Das passt zu seiner Vorstellung des angepriesenen Hardcore-Racing - purem Motorsport, das den Fahrer in den Vordergrund stellt. Regeländerungen wie das Funkverbot, die Aufhebung des Boxenstoppfensters, das Verbot von Heizdecken, die neuen Qualifying-Punkte oder auch die spektakulären Indy-Style Re-Starts gehen in diese Richtung. Falsch wäre es nun aber zu behaupten, dass all diese Neuerungen zur Saison 2017 auf Berger zurückzuführen sind. Die Trendwende wurde schon vor seinem Amtsantritt eingeleitet.

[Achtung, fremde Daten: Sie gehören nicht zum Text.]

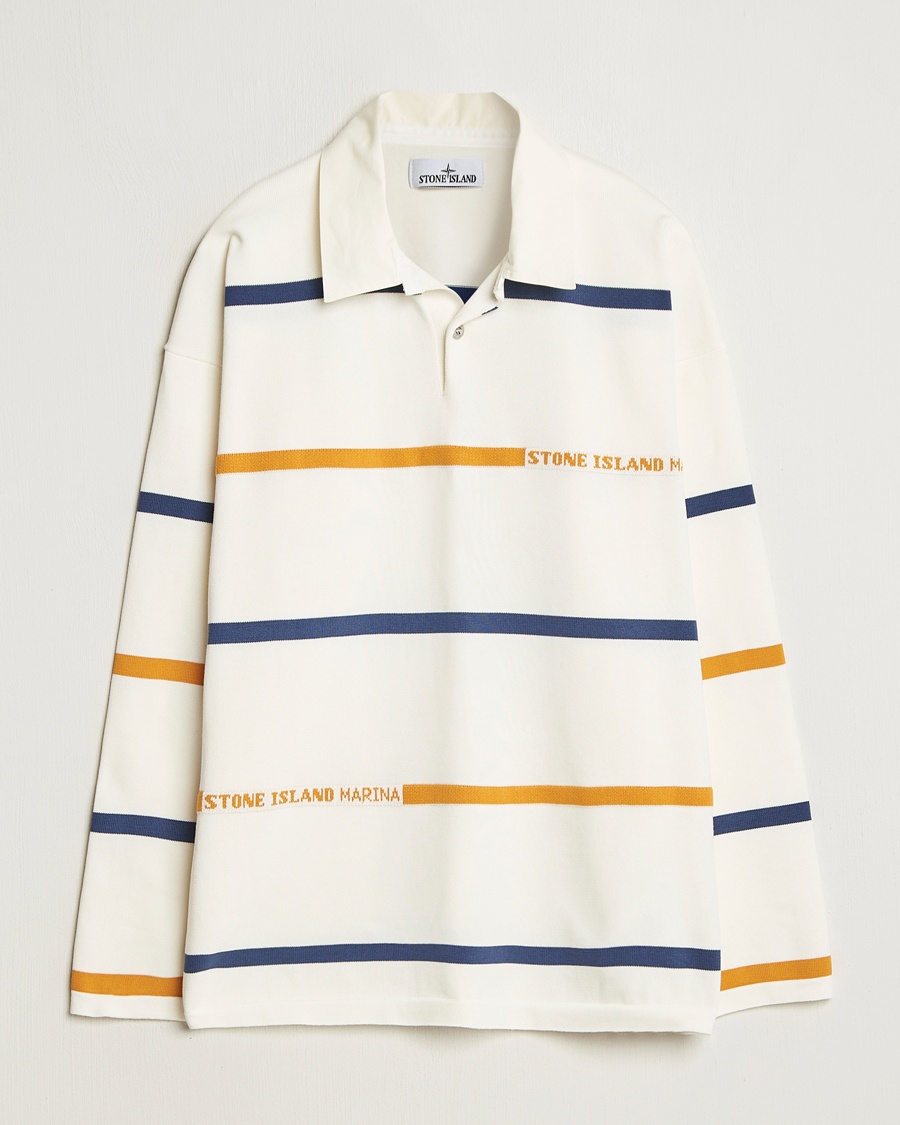 Herre | Rugbygensere | Stone Island | Marina Striped Cotton Rugby Ivory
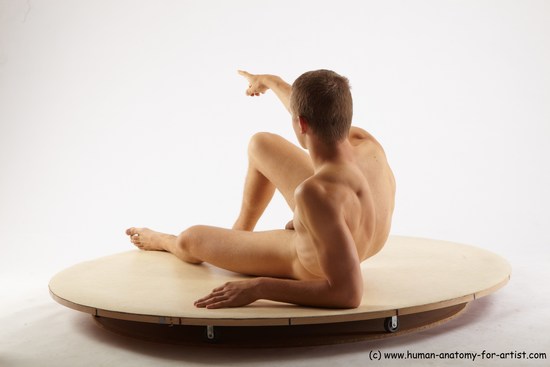 Nude Man White Kneeling poses - ALL Slim Short Brown Kneeling poses - on one knee Realistic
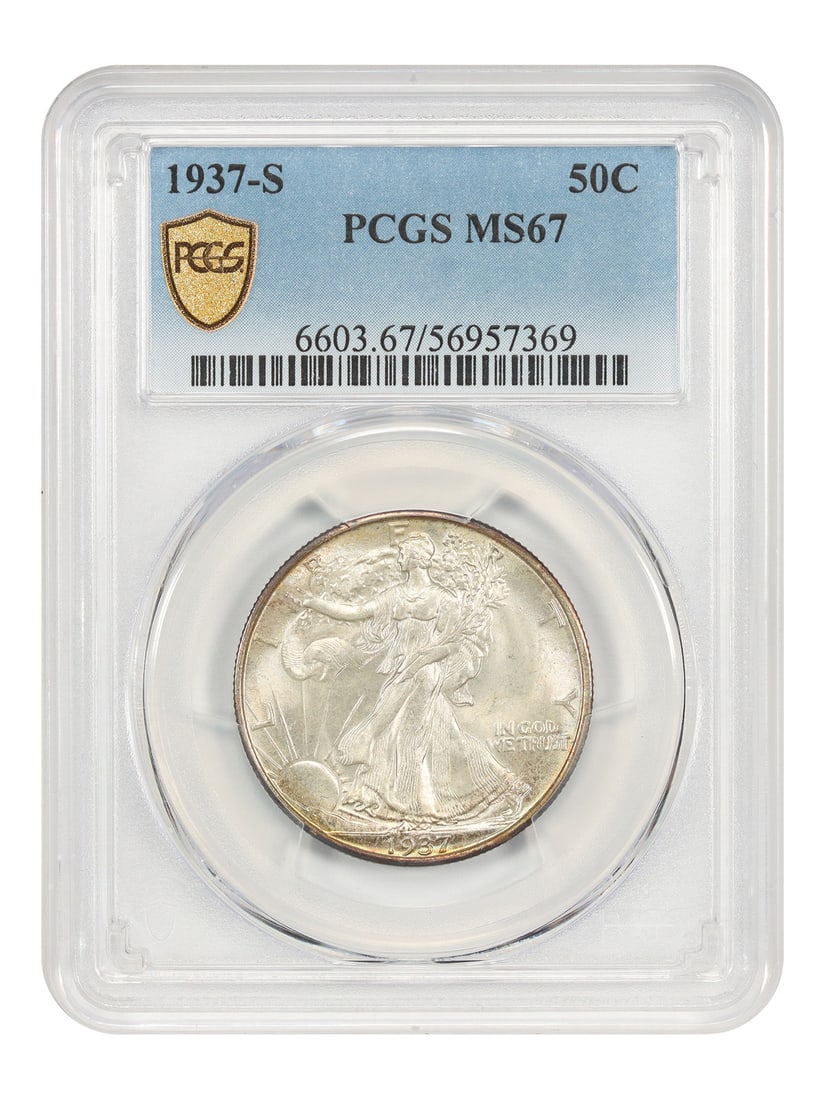 PCGS MS67 1937-S Walking Liberty Half Dollar San Francisco Mint: PCGS MS67 1937-S Walking Liberty Half Dollar San Francisco Mint This 1937-S Walking Liberty Half Dollar is graded MS67 by PCGS, indicating an uncirculated condition with exceptional quality. The coin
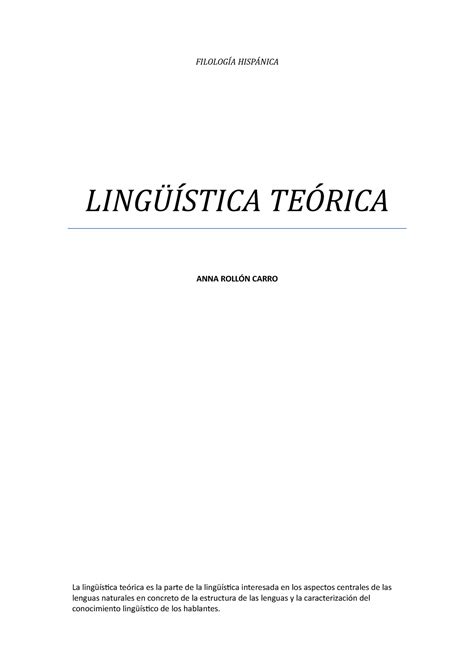 Lingüística teórica Apuntes de los profesores Carla y Álvaro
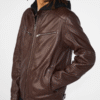 Men’s Cooper Racer Leather Jacket With Removable Hood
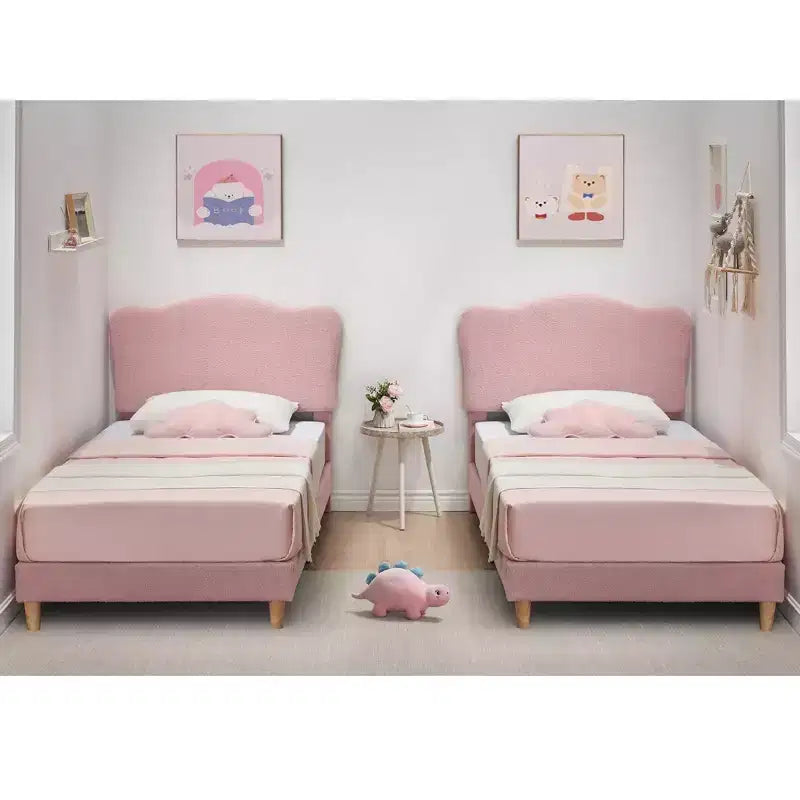 Struttura Letto Singolo per Bambini con Testiera Adorabile, Letto a Piattaforma Singolo Imbottito per Bambine, Bambini, Nessun Box Spring Necessario, Struttura Letto in Velluto con Doghe in Legno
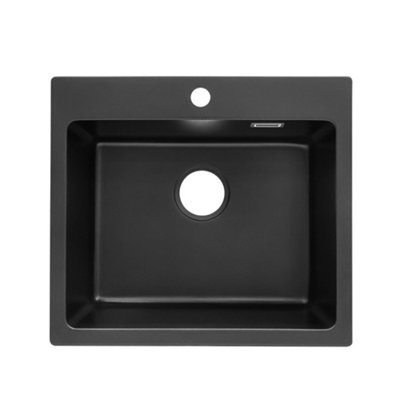 Livingandhome 55x49cm Quartz Undermount Kitchen Sink Single Bowl 550x490mm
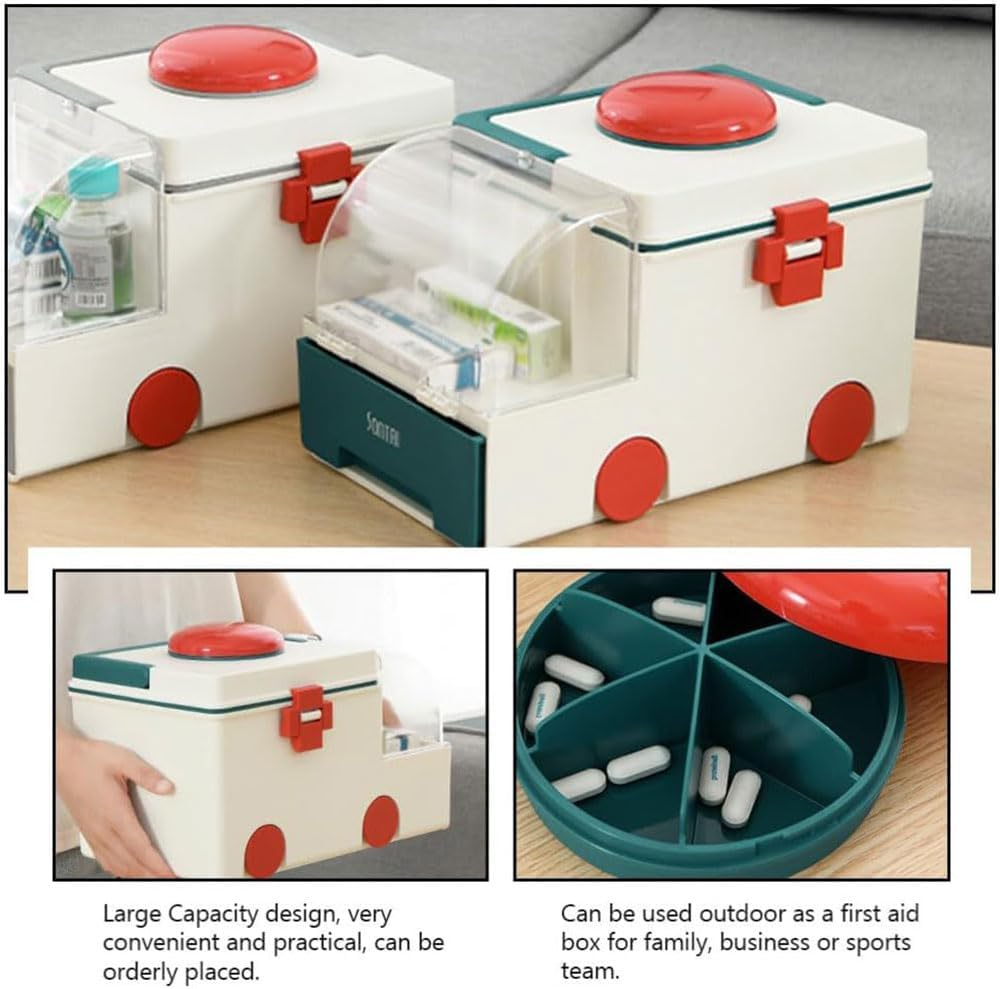 Portable First Aid Storage Box, Ambulance-Shaped Plastic Medicine Organizer, Large-Capacity Home and Outdoor First Aid Kit for Adults and Children image number 2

Berger: Über Wasser gehen kann er nicht

"Wir haben gegenüber vorher viele Verbesserungen erlebt, die sind aber nicht alle nur ihm zuzuschreiben", stellte Dieter Gass fest. "Das war in verschiedenerlei Hinsicht auch ein bisschen auf dem Weg. Das darf man nicht ignorieren."

BMW-Motorsportdirektor Jens Marquardt ergänzte: "Der eingeschlagene Weg ist gut. Es ist aber nicht nur Gerhard Berger, sondern das ganze Team bei der ITR. Die Ansätze sind gut, aber wir werden auch daran gemessen, was nächstes und übernächstes Jahr dabei herauskommt. Gerhard hat super Kontakte, aber abgerechnet wird, wenn es zählt."

Auf Gerhard Berger wartet in der Winterpause mehr Arbeit als er erwartet hatte. Er hat gezeigt, dass er sich auch in der DTM durchsetzen kann. Düstere Aussichten wie der neue TV-Vertrag nach dem Ende mit der ARD erscheinen zumindest ein wenig heller. Oder wie es Uli Fritz formulierte: "Er ist ohne Frage der Richtige. Über Wasser gehen kann auch er nicht, aber er gibt nie auf."